In 2017, Luys nearly doubled its assistance to the newspaper, allocating AMD 60 million, even though the paper’s print run had decreased from 15,000 to 10,000.
From 2014-2015 Luys allocated money to the Chess Federation of Armenia.
In 2014 it allocated AMD 47 million so that the national team could participate in the International Olympiad in Norway and for Levon Aronian to participate in the Candidates Tournament in Khanty-Mansiysk, Russia.
Luys classified its AMD 10 million allocation to the Chess Federation as assistance to ongoing programs.
Luys Allocations to Organizations Linked to Serzh Sargsyan
In 2013and 2017, Luys assisted the “Ayp” Educational Foundation. In 2013 it allocated AMD 114 million to carry out the Ayp Educational Juncture program. In 2017, it allocated 24 million drams to create the Foundation for Armenian Science and Technology (FAST).
Luys allocated AMD 40 million in 2016 to a non-profit organization called “In the Name of Gyumri and Gyumri Residents”. It was founded in 2015 and is run by former MP Martun Grigoryan, a member of the Prosperous Armenia party from 2009-2015.

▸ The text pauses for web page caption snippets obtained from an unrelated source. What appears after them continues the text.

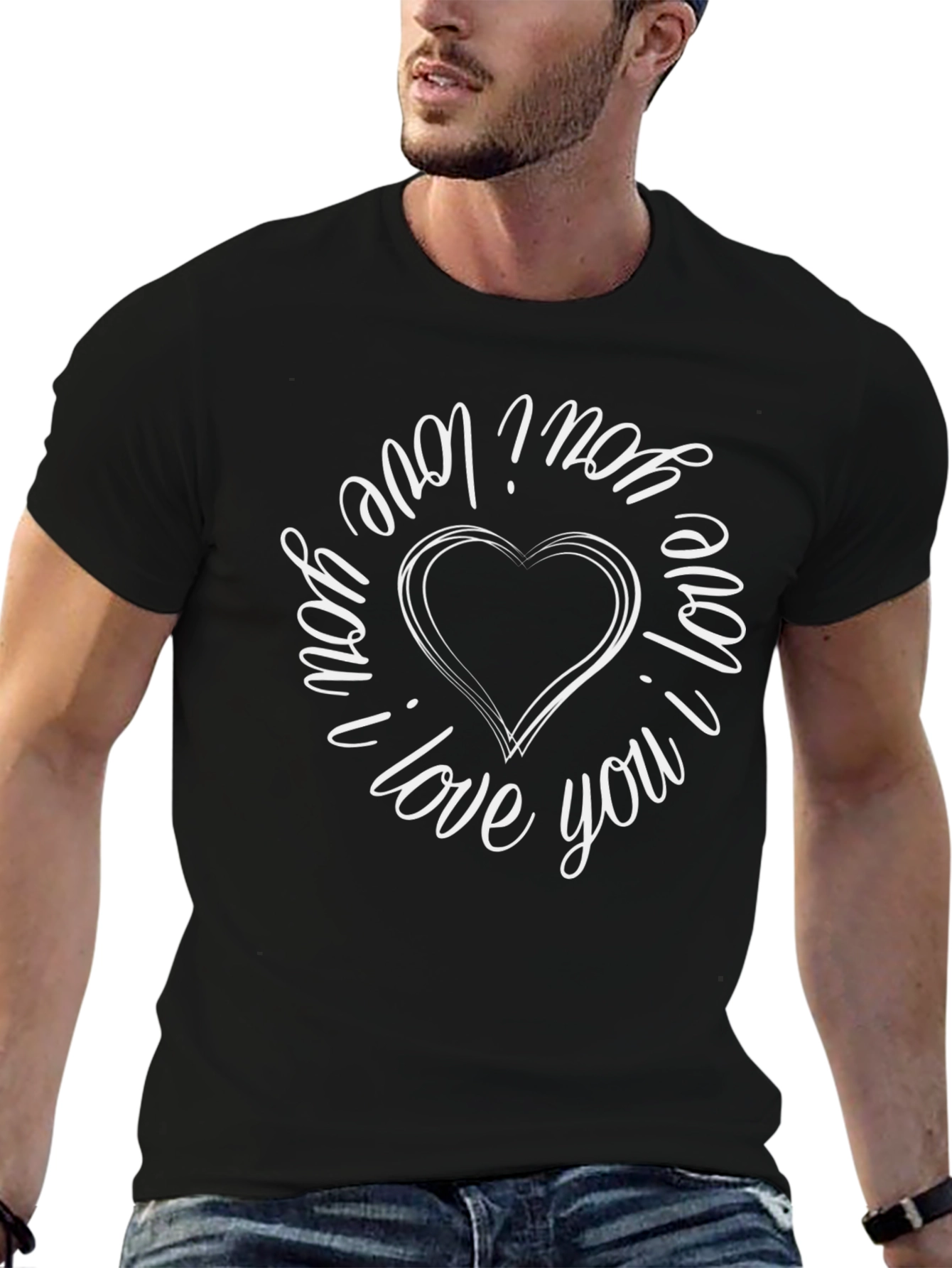 Black I Love You Heart Graphic Tee - Black view 6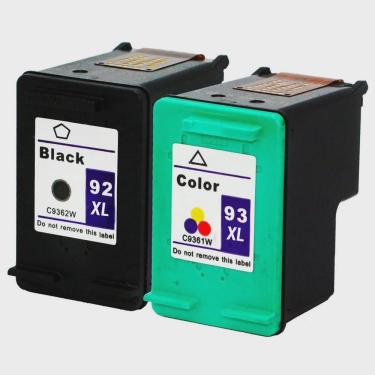 Imagem de Kit Par de cartuchos Hp 92 Preto (Black) e 93 Colorido (Color) Compatíveis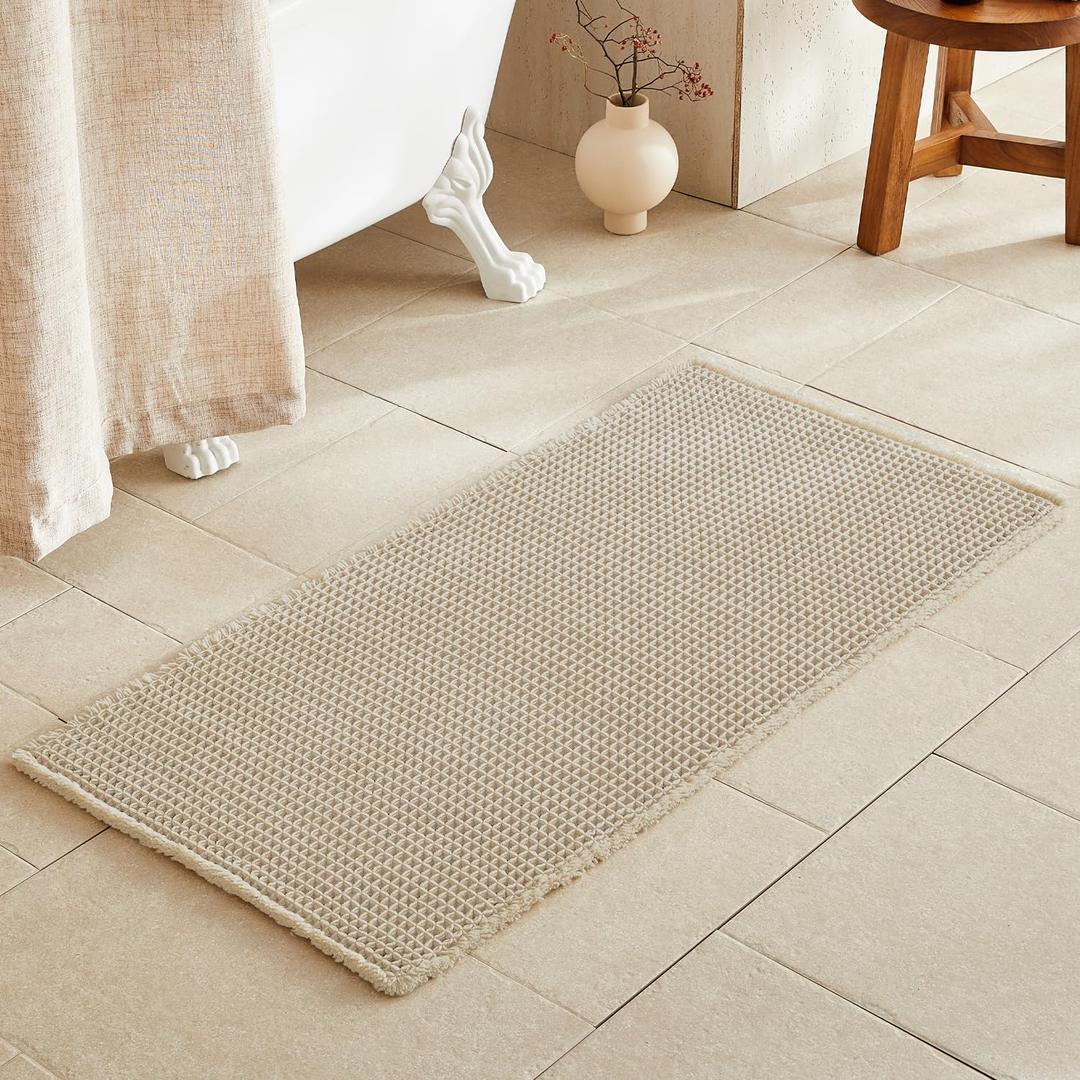Pale Beige Bathroom Rug, Waffle Bath Mat Non Slip Washable Super Absorbent Quick Dry Boho Farmhouse Bathroom Decor, 48''x24'' / 4'x2' Pale Beige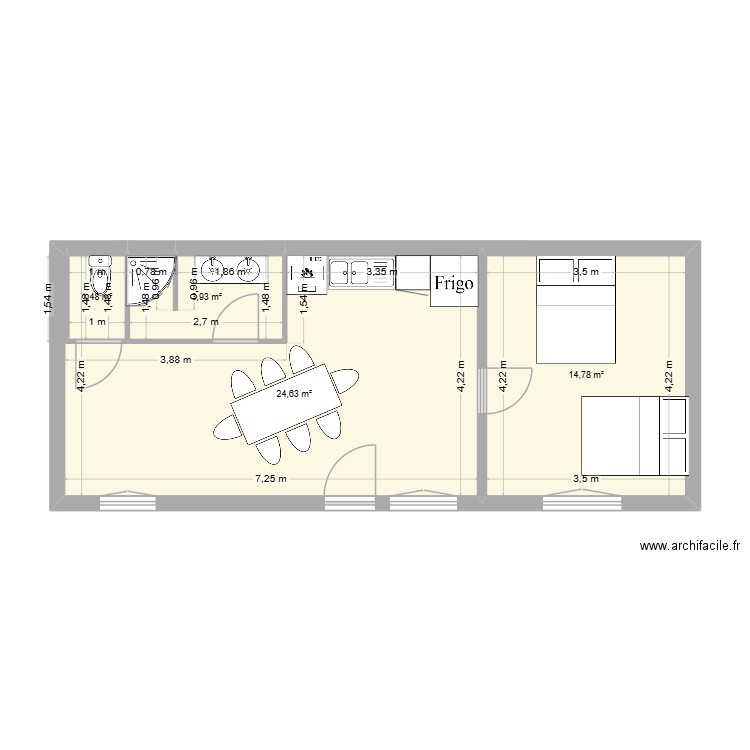 maison etang. Plan de 4 pièces et 45 m2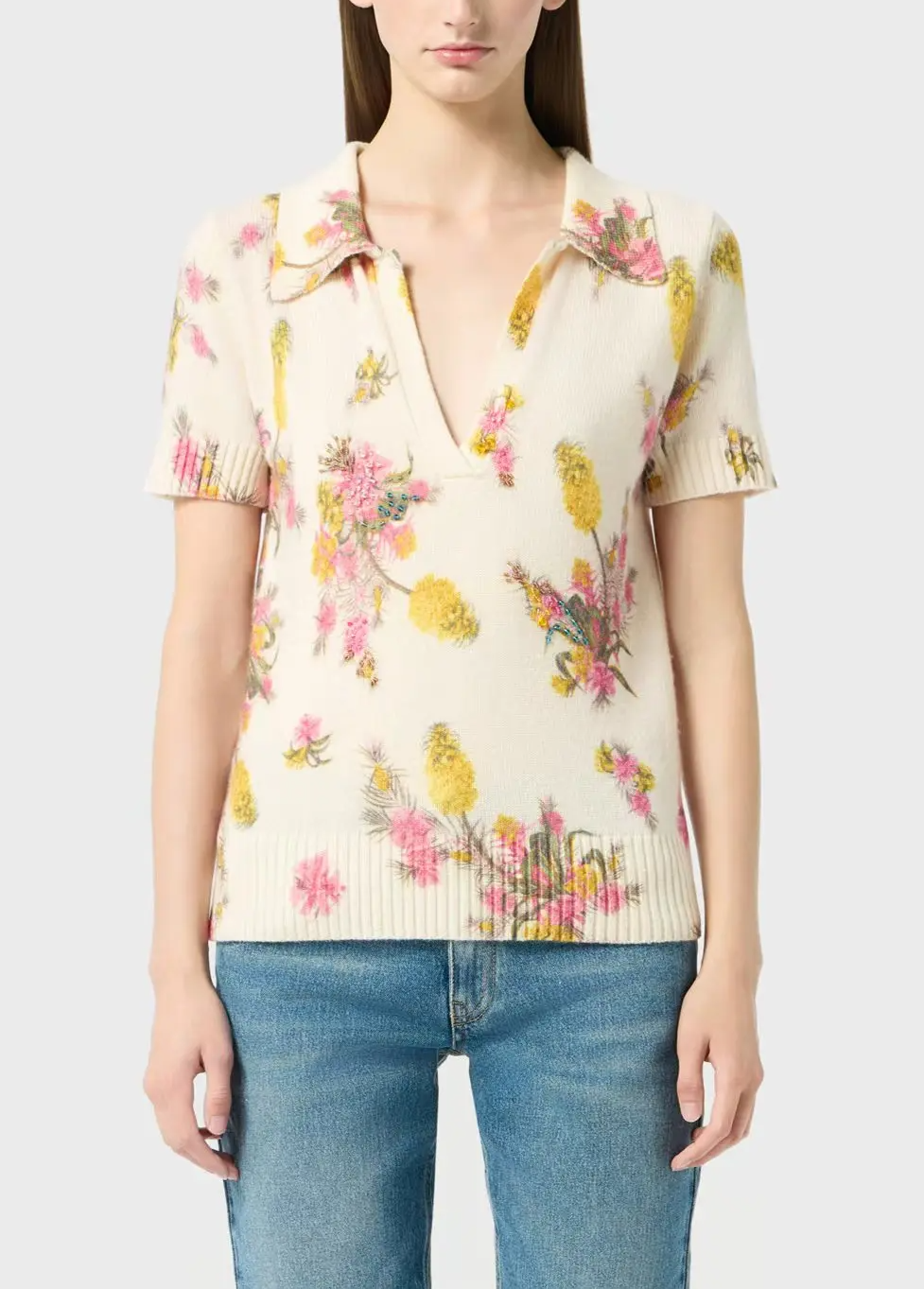 Floral Collar Polo Knit Top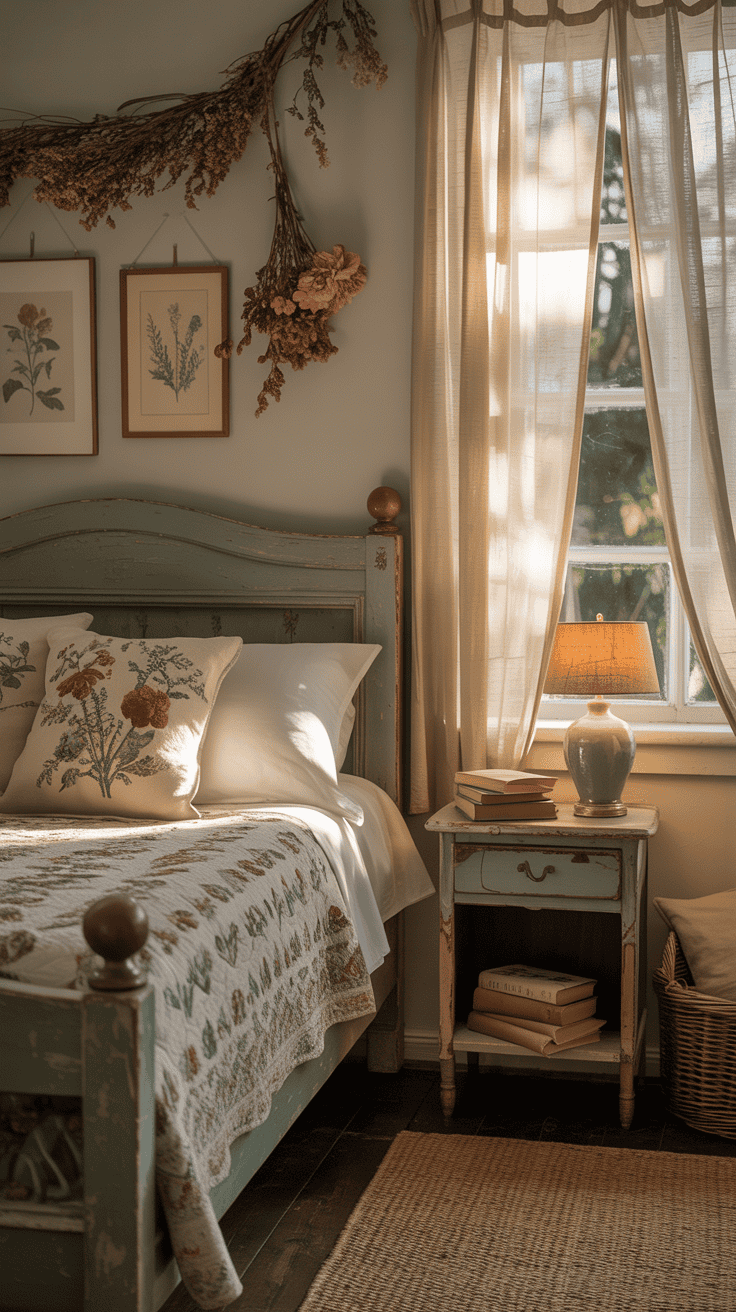 A cozy cottagecore bedroom featuring antique furniture, including a wooden bed and vintage nightstand, with soft curtains and warm lighting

Studying the details of those receiving financial assistance from Luys, it’s apparent that Serzh Sargsyan, or his wife Rita, sits on the boards of most of them.
For example, Luys allocated AMD 50 million to the “Aragil” Reproductive Medicine Support Foundation in 2015. Rita Sargsyan is the honorary president of the Aragil’s board of trustees.
So where did Luys get all this money?
In addition to small individual donations and government funding, Luys received large donations as well, including contributions from mining companies. The list of large donors includes the Electric Networks of Armenia CJSC, MP Samvel Aleksanyan’s “Aleks Grig” LLC, GeoProMining Gold LLC (which operates the Sotk gold mine), the now defunct GeoTeam CJSC, Vallex Group CJSC (which operates the Teghout mine), the “Tashir” Charitable Foundation, ArdShinBank, and a number of cell phone operators.